Depuis la diffusion d’une enquête de la VRT, la Flandre se passionne pour l’histoire de ce gynécologue soupçonné d’avoir inséminé des patientes avec son propre sperme.

La Rédaction de L'Avenir
 C’est dans cet hôpital de Torhout qu’un gynécologue, à la retraite depuis 2016, aurait inséminé des patientes avec son propre sperme.
C’est dans cet hôpital de Torhout qu’un gynécologue, à la retraite depuis 2016, aurait inséminé des patientes avec son propre sperme. ©BELGA

L’enquête de " Terzake " fait grand bruit.

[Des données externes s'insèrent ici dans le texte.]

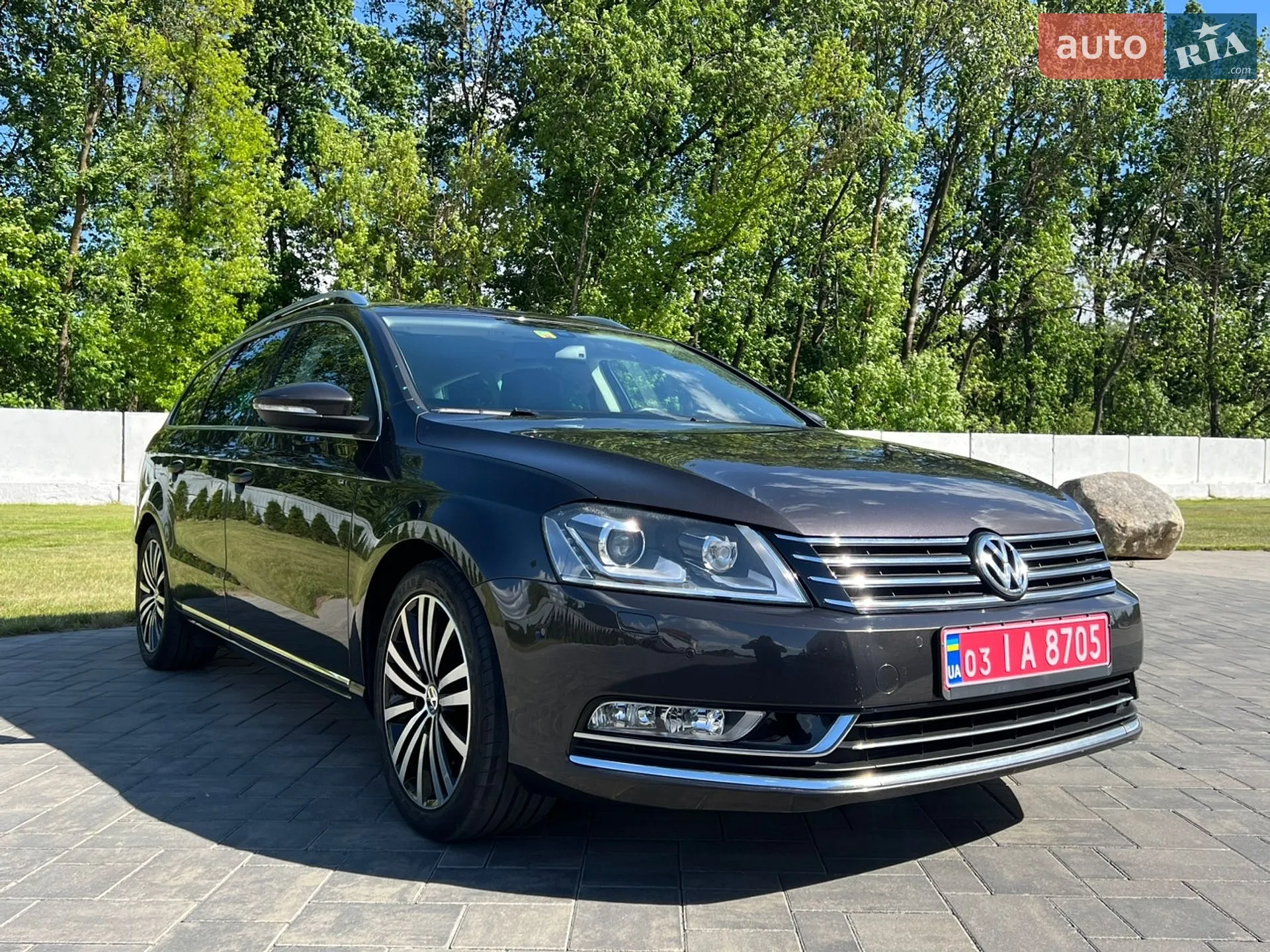 2011 Volkswagen Passat - мініатюра 10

Selon l’émission de la VRT, un gynécologue à la retraite depuis 2016 aurait utilisé son propre sperme pour réaliser des inséminations artificielles sur ses patientes au cours des années 80.

Diffusée hier jeudi par la chaîne publique, l’enquête repose sur le récit de Stefan (*) dont la maman a bénéficié d’un don de sperme.

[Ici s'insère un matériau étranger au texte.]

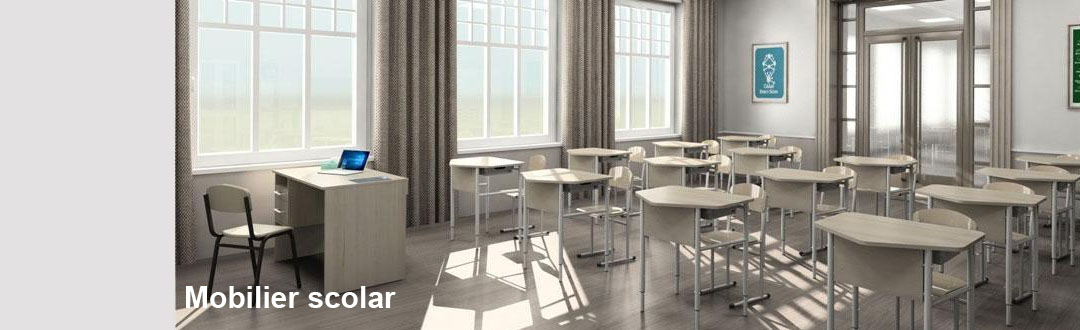 Mobilier scolar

Décidé à en savoir plus sur son père biologique, le témoin principal de "Terzake" explique s’être inscrit dans une base de données ADN en 2017. Dans le même temps, intrigué par une enquête néerlandaise révélant qu’un gynécologue était le père d’au moins 81 enfants, il commence à s’intéresser au médecin de sa mère. "Mon intuition me disait alors qu’il pourrait être mon père biologique", déclare Stefan à la VRT. Reste qu’aucune preuve probante ne vient confirmer sa thèse.

Mais en 2019, tout s’accélère. Grâce à la banque de données ADN, il retrouve un demi-frère. Un choc qui le pousse à suivre son instinct et interpeller la direction de l’ancien hôpital Sint-Rembert de Torhout (à 25 km de Bruges) où sa mère a été inséminée. Sans succès. "Et le médecin lui-même a refusé toute forme de coopération."

Il se masturbait dans une pièce et revenait plus tard.Ce n’est pas correct.

Ce n’est qu’en 2020, après que des proches du médecin suspecté ont accepté de comparer leur ADN avec celui de Stefan, que ce dernier découvre qu’il a sans doute bel et bien un lien de parenté avec le gynécologue. Ce que confirme la clinique de Torhout dans la foulée.

"Nous avons fait valider les résultats par notre conseiller en génétique et il confirme qu’il y a une forte probabilité que les deux hommes ont un ancêtre en commun, explique le directeur médical Luc Harlet. Cette fois, c’est une raison suffisante pour que l’hôpital prenne l’affaire au sérieux." Pour la première fois, des erreurs déontologiques et éthiques sont reconnues par les autorités compétentes.

Reste que le gynécologue incriminé refuse toujours toute coopération. Et ce, même lorsque la demande vient de son ancien employeur. "Il y a eu un contact physique, téléphonique et informatique, mais il n’a pas répondu à notre requête, assure Luc Harlet. Il n’a ni confirmé ni infirmé les faits." Ce que regrette Stefan. "Je n’avais pas l’intention d’aller prendre un café avec lui tous les dimanches, mais j’aurais aimé entendre sa version de l’histoire […] Il a promis à ses patients des donneurs inconnus, mais il se masturbait dans une pièce et revenait plus tard. Ce n’est pas correct. D’ailleurs, combien de fois l’a-t-il fait? Tout le monde a le droit de savoir."

Selon "Terzake", le dossier a été transmis au procureur de la République et de l’Ordre des médecins.